Najlepiej sam się przekonaj, pożycz z Audio Atelier od P. Krzyśka switch Silent Bonn z zasilaczem. Jak stwierdzisz że nie ma różnicy to oddasz, ale wierz mi, że usłyszysz różnicę to jakby porownac mp3 do Flac lub Sacd.

Nawet gdybym jakimś cudem usłyszał różnice to taki Switch, zasilacz i kabel lan to kwoty rzędu 5k...

Miałem już u siebie Switch zasilany liniowo i nie wprowadzał żadnych zmian w dźwięku. 

Polecam lekturę na temat Silent Bonn 😁

 

Edytowane przez DAWH
2 minuty temu, DAWH napisał:

Właśnie w tym problemem, że logicznie rzecz biorąc, idealne połączenie to wi-fi. A jak pytam o jaki kolwiek logiczny/naukowy powód do przewagi lan nad wi-fi, to argumentów brak. 

Dla mnie są dwa: stabilność połączenia i szybszy transfer danych mam po kablu 😉 

 

 

7 minut temu, marek s napisał:

switch Silent Bonn z zasilaczem.

Czyli do tego kabla trzeba jeszcze kupić switch za 2000 zł ? To ja jednak nie skorzystam. 

1 minutę temu, g88 napisał:

Dla mnie są dwa: stabilność połączenia i szybszy transfer danych mam po kablu 😉 

 

 

Czyli do tego kabla trzeba jeszcze kupić switch za 2000 zł ? To ja jednak nie skorzystam. 

Ale ja pytam o argumenty dotyczące wpływu na jakość dźwięku. Wi-fi mam stabilne, brak innych sieci wokół domu, a co do transferu to nie ma żadnego znaczenia przy osłuchiwaniu muzyki. 

2 minuty temu, DAWH napisał:

Właśnie w tym problemem, że logicznie rzecz biorąc, idealne połączenie to wi-fi. A jak pytam o jaki kolwiek logiczny/naukowy powód do przewagi lan nad wi-fi, to argumentów brak. 

 

Ok, możesz odpuścić temat. Ja nie odpuściiłem i zanim kupiłem posprawdzałem u siebie. Dzisiaj mam 2 Silent Bonny podłączone kaskadowo plus zasilacz, kabel mam tani, bo drogie mi się nie sprawdziły. Rób jak uważasz 👍

4 minuty temu, marek s napisał:

Ok, możesz odpuścić temat. Ja nie odpuściiłem i zanim kupiłem posprawdzałem u siebie. Dzisiaj mam 2 Silent Bonny podłączone kaskadowo plus zasilacz, kabel mam tani, bo drogie mi się nie sprawdziły. Rób jak uważasz 👍

https://tonskladowy.pl/artykuly/jak-pc-audio-obnaza-hipokryzje-branzy-high-end/amp/

Czytałeś na temat Silent Bonn? 

2 minuty temu, DAWH napisał:

Skoro czytasz ton składowy to zastanawiam się po co Ci te forum.

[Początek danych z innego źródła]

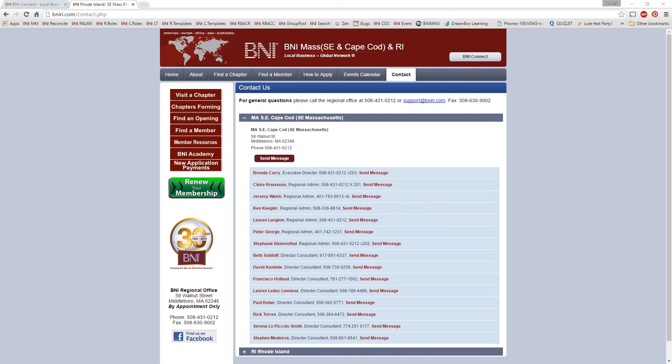All right, if there are no further questions, thank you guys so very much for spending some time with me today. A good referral for me is to please let your chapter know about these webinars, especially the member webinars — I'll do the entire series again next month. So as you get new members in, please let them know about the webinars so they can learn more and get started on the right foot. Have a wonderful rest of the week, everyone, and happy connecting.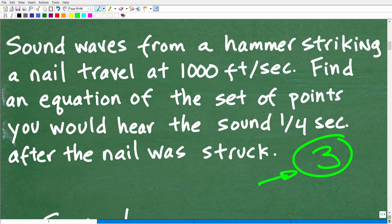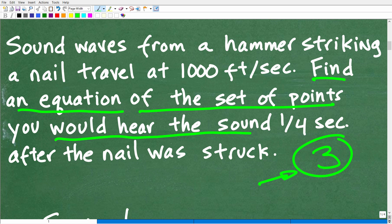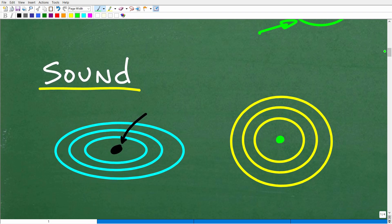The question is a little unusual — we're not looking for a specific unknown value, we're actually looking for an equation. The equation represents the set of points where we would hear the sound at one-fourth of a second. We need to model or visualize this situation. Don't give up on a math problem just because you don't know all the math — take it as far as you possibly can.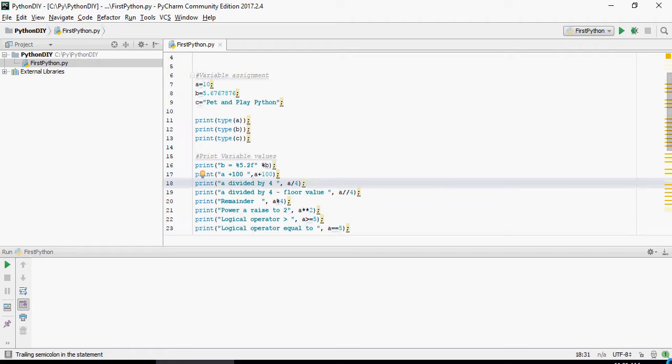Hello and welcome to Pet and Play Python tutorials. In the last video we talked about variable assignments and logical operations and strings. In this video we're going to talk about tuples and lists.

Napisałem Ci że dla mnie różnica jest jak noc i dzień.

Czyli tak, jadę skrętką do switcha uzbrojonego w dodatkowy zasilacz i następnie z niego dobrym Lanem wjeżdżam w moona? Tak to ma wyglądać?
Jeszcze pytanie gdzie ewentualnie dysk sieciowy ulokować w tym torze?

Panowie,

Jeśli chodzi o wiarę, to każdy wierzy w to, co mu w duszy gra... i parafrazując słowa J. Goebelsa "jeśli wiara, kłóci się z faktami, tym gorzej dla faktów". Poza tym, nie słyszymy tak samo, nie mamy takiego samego sprzętu, nie stoi on w identycznym pomieszczeniach, nie dla wszystkich słyszalne zmiany są warte pieniędzy, które musimy za nie zapłacić. I to trzeba uszanować.

Ja, z natury, jestem niewierzący, więc zawsze sprawdzam. I moje osobiste, czysto prywatne i ze wszech miar subiektywne obserwacje są takie:

1. Niestety kable LAN "grają"... podobnie jak zasilające, interkonekty czy głośnikowe. I nie jest to voodoo - kwestia przepustowości, ekranowania, długości, zastosowanych wtyków, itd.

2. Niestety switche też "grają". I też nie jest to voodoo. Wynika to z długości okablowania (wzmocnienia sygnału), jego regeneracji, reclockingu, izolacji (ekranowania), itd.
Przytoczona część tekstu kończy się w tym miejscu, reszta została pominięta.